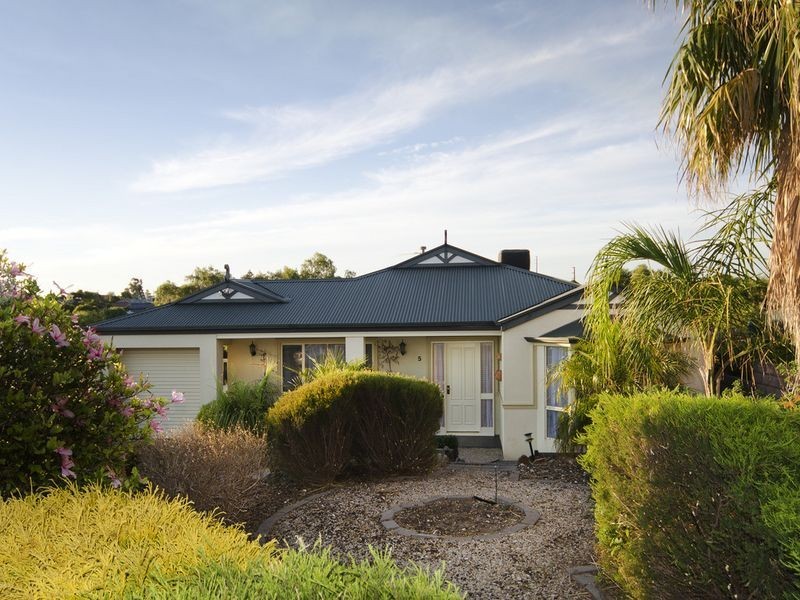 5 Coorong Court, Port Noarlunga SA 5167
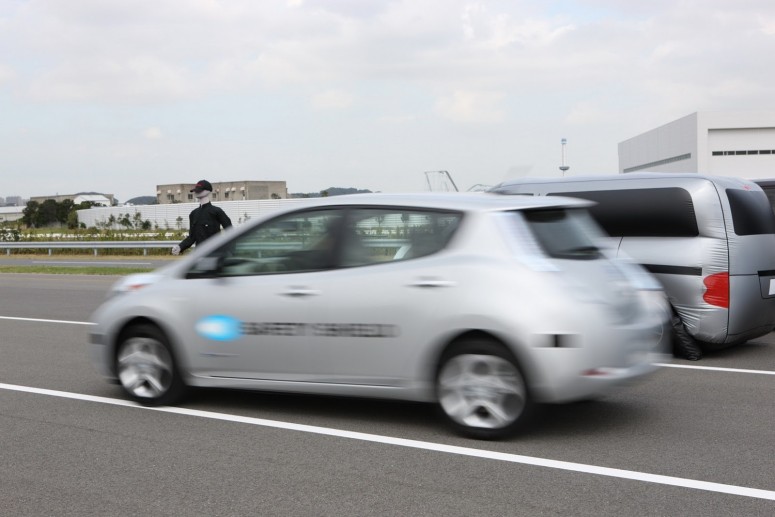 Nissan обещает автономный автомобиль к 2020 году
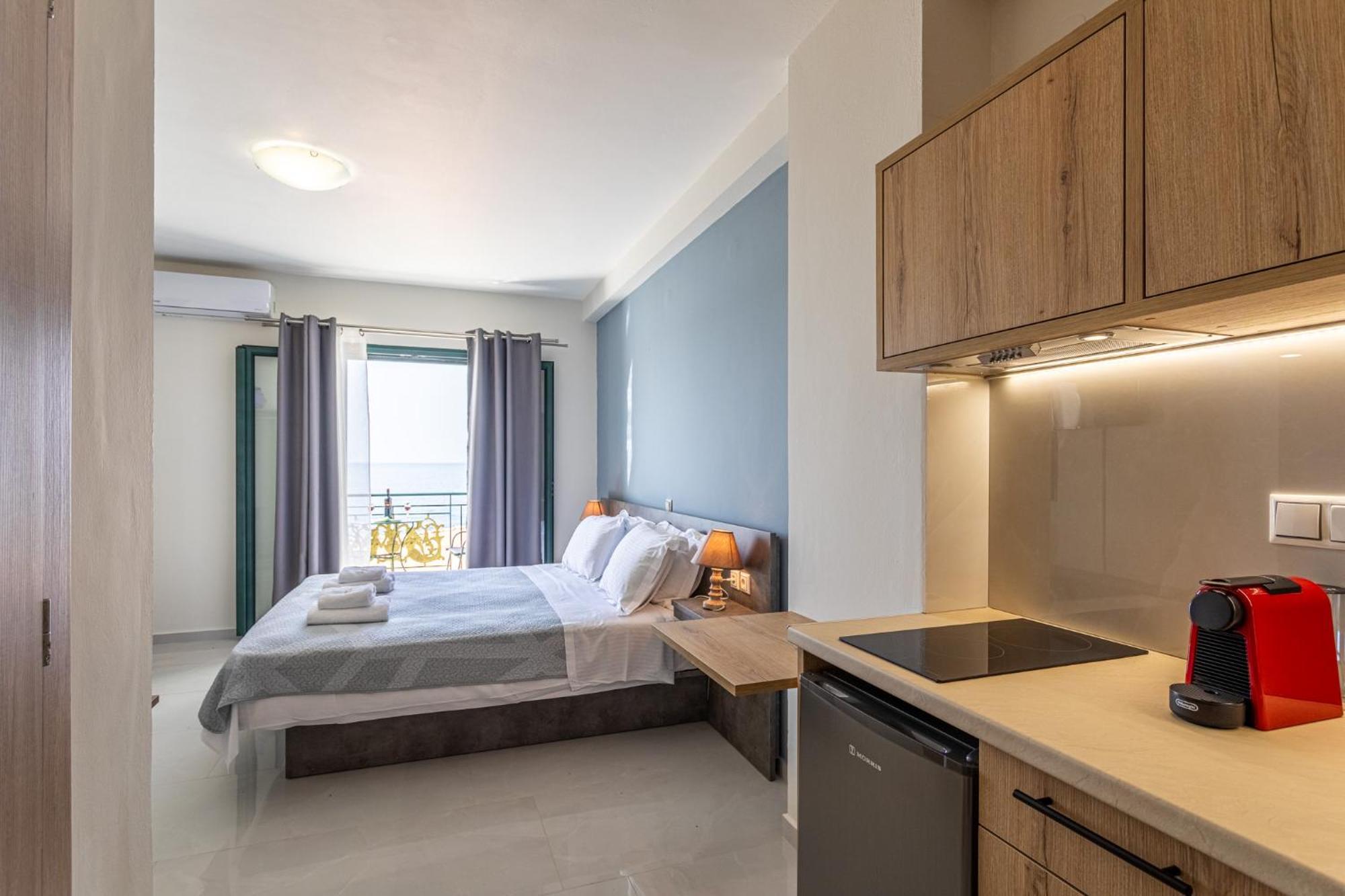 Marina Aparthotel Kardhamili Buitenkant foto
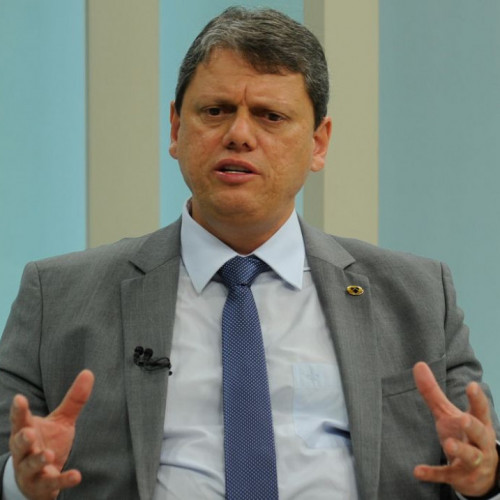 Concessões devem dobrar ferrovias no país em 15 anos, diz ministro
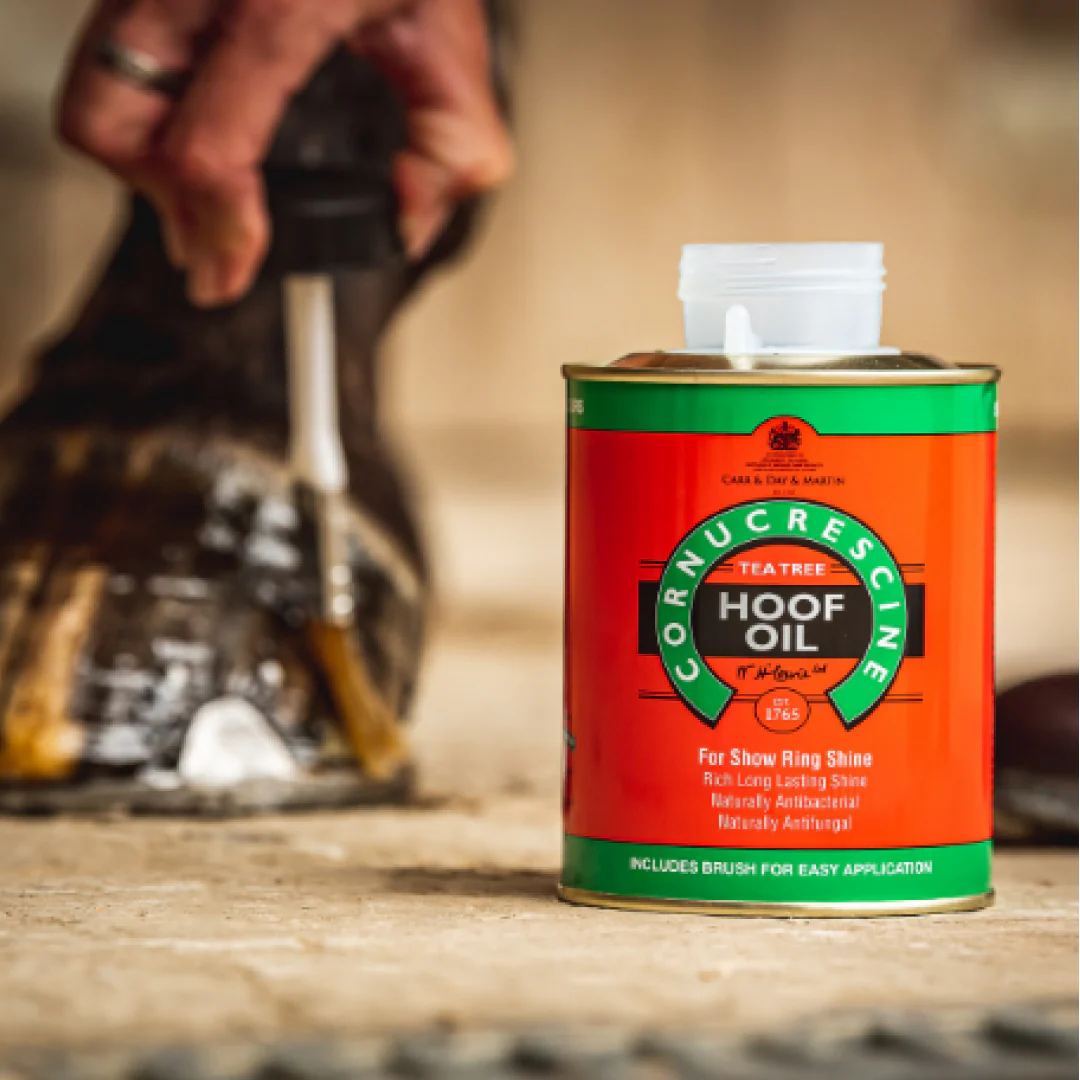 Carr & Day & Martin Cornucrescine Tea Tree Hoof Oil - Image 2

^^^^^^^^

EXERCISE DESCRIPTION: Please print all of the records above exactly, omitting each picture.

OUTPUT FOR THIS EXERCISE:
 5 Coorong Court, Port Noarlunga SA 5167
 Nissan обещает автономный автомобиль к 2020 году
 Marina Aparthotel Kardhamili Buitenkant foto
 Concessões devem dobrar ferrovias no país em 15 anos, diz ministro
 Carr & Day & Martin Cornucrescine Tea Tree Hoof Oil - Image 2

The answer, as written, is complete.